Meneei a cabeça em silêncio. Em tom suave, a mulher, subindo um pouco a voz:
- Espere-me por cem anos. – disse com uma voz atrevida. – durante cem anos, espere-me
sentado próximo de meu sepulcro. Certamente virei para encontrá-lo.
Respondi tão somente que esperaria. De repente, a minha imagem que se via vívida
dentro de suas negras pupilas começou a desmanchar-se confusamente. Como uma sombra
refletida que é quebrada pelo movimento perene da água, antes mesmo de derramá-la, a
mulher cerrou seus olhos. Por entre seus longos cílios, lágrimas rolaram por sua face. – Ela
morrera.
Depois disso, desci ao quintal e com uma concha de pérolas cavei um buraco. Era uma
concha grande com lisas bordas afiadas. A cada vez que recolhia a terra, o brilho da lua
lançava-se atrás da concha e cintilava. O cheiro de terra úmida também se fez. Após um
tempo pude terminar de escavar o buraco. Pus a mulher dentro dele. Feito isso, depositei por
cima a fofa terra suavemente. A cada vez que depositava terra, o brilho da lua lançava-se
atrás da concha.
Depois, recolhi um fragmento de estrela que havia caído e o pus suavemente sobre a terra.
Era um fragmento de estrela arredondado. Imaginei que suas pontas foram retiradas ao
atravessar o firmamento por um grande tempo e foram se tornando lisas enquanto caía.
Abracei o fragmento para depositá-lo sobre a terra, e nesse meio tempo o meu peito e mão
foram um pouco aquecidas.
Sentei sobre o musgo. Enquanto imaginava que teria de esperar daquele jeito por cem
anos, cruzei os braços e me pus a observar aquela lápide de pedra arredondada. E nesse tempo,
o sol nasceu pelo leste como a mulher havia dito. Era um sol vermelho e imenso. E do mesmo
modo que fora dito, brevemente caiu a oeste.
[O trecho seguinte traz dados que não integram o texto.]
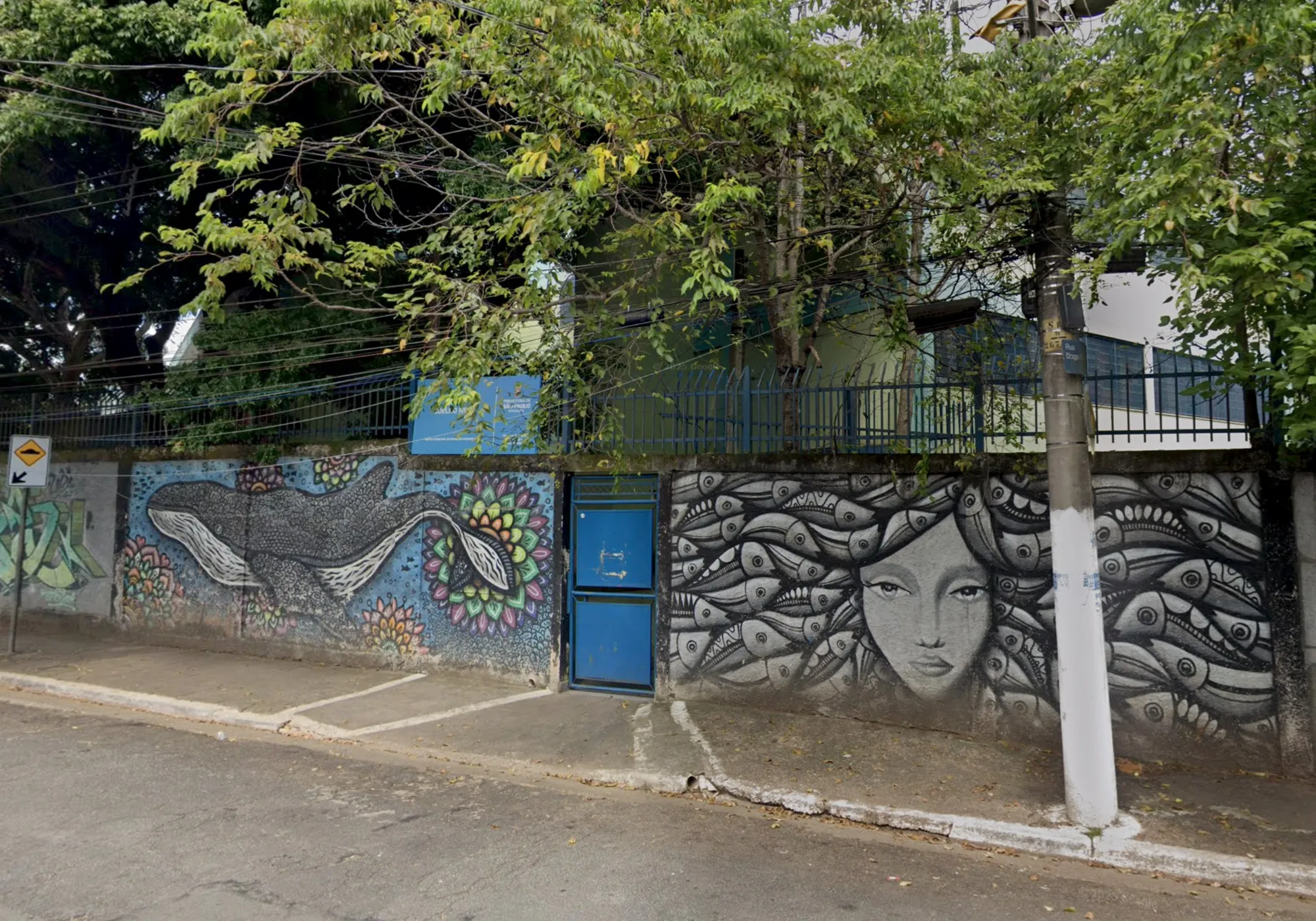 Fachada da EMEF Coelho Neto em São Mateus, São Paulo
Caiu bruscamente sem perder sequer o seu rubor.
“Um”, assim contei.
Após um tempo, novamente o vermelho Astro-rei levantou-se lentamente. E
silenciosamente se pôs. “Dois”, contei novamente.
“Um, dois”, à medida que eu contava desse jeito, fiquei sem saber quantos sóis vermelhos
havia visto nesse decorrer. E contando, contando, dediquei-me a contar quase ao ponto de
não deixar sobras os tantos sóis vermelhos que atravessaram por cima de minha cabeça.
Mesmo assim, ainda não chegavam aos cem anos. Por fim, vi nascer musgos na arredondada
pedra, e fiquei me questionando novamente se não havia sido enganado pela mulher.
Foi quando, por baixo da pedra, um talo verde começou a se desenvolver na diagonal, em
minha direção. Enquanto o via crescer, este veio a alcançar o meu peito e parou. Nesse
instante, na extremidade do talo que se esgueirou formosamente, um botão de flor alongado
que estava com a haste comodamente inclinada abriu suas pétalas. Era um lírio branco que
exalava um perfume forte ao ponto de os ossos sentirem. De um lugar distante, como gotas
de orvalho caíram, a flor balouçou com o seu próprio peso. Para sentir o frio gotejar do
orvalho, a flor esticou o seu pescoço para frente e pétalas brancas floresceram. Sem pensar
em distanciar o meu rosto do cadenciado compasso do lírio, ao verificar o céu distante, apenas
uma estrela da aurora cintilava.
- Cem anos já se passaram... – foi neste momento que percebi pela primeira vez.